Inside 102 Forsyth is reggae Mecca.
Crates on crates on crates of vinyl records amidst little ras keepsakes including a Bob Marley bobble head. T-shirts and DVDs for sale, a turntable, books, and flyers in the front that advertise this incredible store’s weekly party at Happy Ending – “Downtown Top Ranking, Reggae Revive Session.”
Every Thursday, Deadly Dragon Sounds presents “rocksteady roots and rub-a-dub in strictly vinyl sound” a.k.a heaven for all dub and dancehall heads. A passa passa in NYC.
Reggae lovers, Chinese Jamaicans, West Indians, Rastafarians, and Jewstafari from all over the city come here for the gold standard in reggae and dancehall. From Free Buju shirts to Assassin autographed pictures, the walls are lined with reggae and ras culture. His Majesty King Haile Selassie’s picture hangs next to a pair of miniature boxing gloves bedecked in the Jamaican flag. DJs, Selectors and other music lovers purchase in-store and online and have been doing so since Deadly Dragon opened in 2005.
From their website:
In 2005, Jeremy Freeman aka Scratch Famous and Jason DeBeck aka Selector JD opened the retail side of Deadly Dragon, expanding it into, not just a sound-system, but one of the finest resources for reggae fanatics around. The retail store at 102 Forsyth, in the heart pf NY’s Chinatown, is a unique retail environment with a comprehensive selection of new and vintage vinyl from Mento 78s to the newest tunes from Jamaica. Deadly Dragon has also created a limited edition reissue imprint label that has released over 35 different 7” vinyl singles to great critical acclaim.
Admittedly out of place in Chinatown, store owner Jeremy Freeman is considered the unofficial block boss, as his Chinese neighbors visit frequently for help translating bills and other documents.
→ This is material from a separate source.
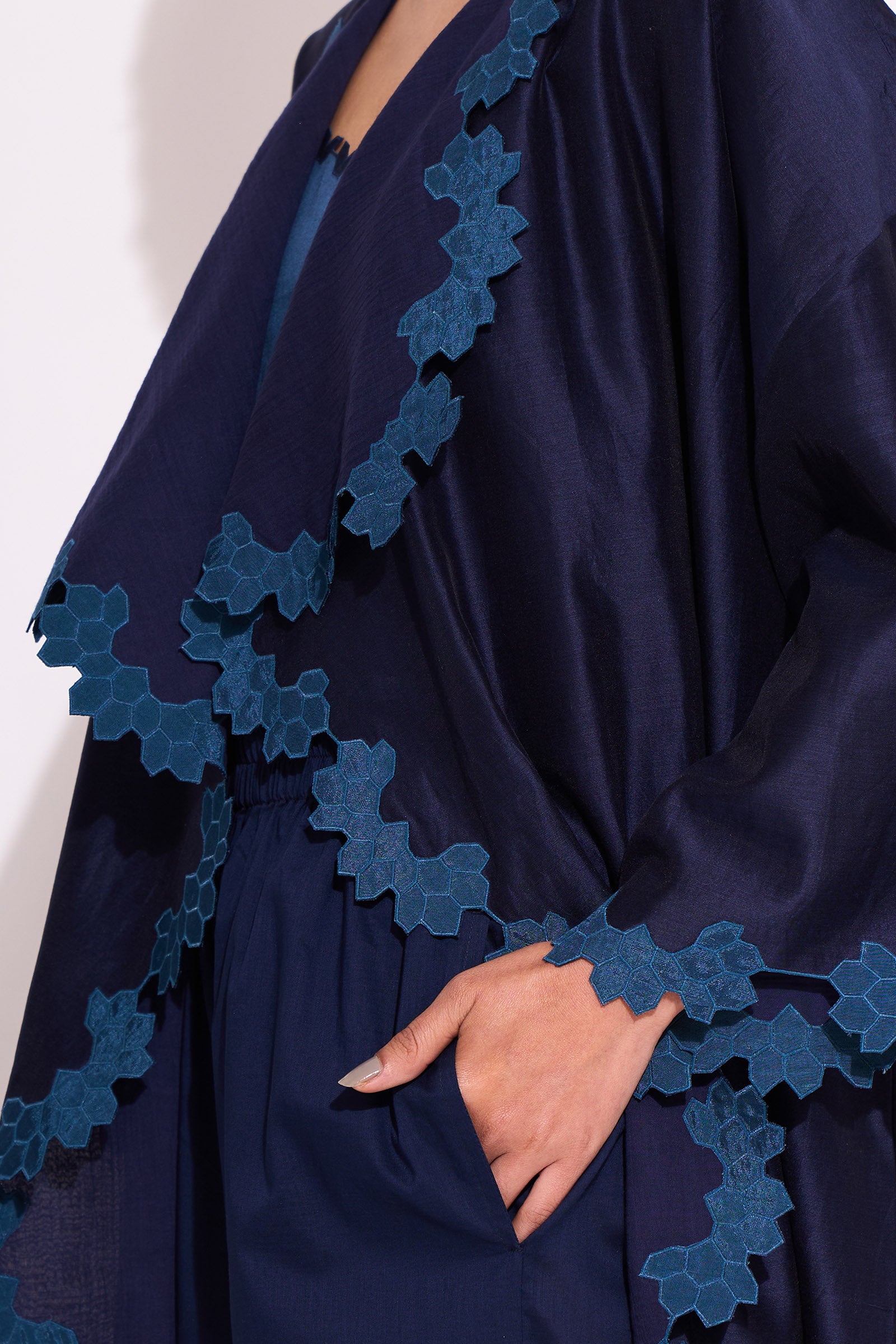 NEEL FALL COLLAR JACKET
DDS’s name surprisingly was chosen for the crew’s love of ninja movies, and not for their downtown location.
Freeman spoke with us about his own family roots in the neighborhood. His Russian-born grandmother lived on Hester Street and he and his crew intend on staying put for a very long time with their merch shop at 102-B and their office in the old Comic Network next door. He recalls prostitutes and crackheads in the Sara D. Roosevelt Park or yore, while today we see soccer players and children galavanting. A changed Lower East Side for sure, but Deadly Dragon Sounds is a most welcome and unique shop.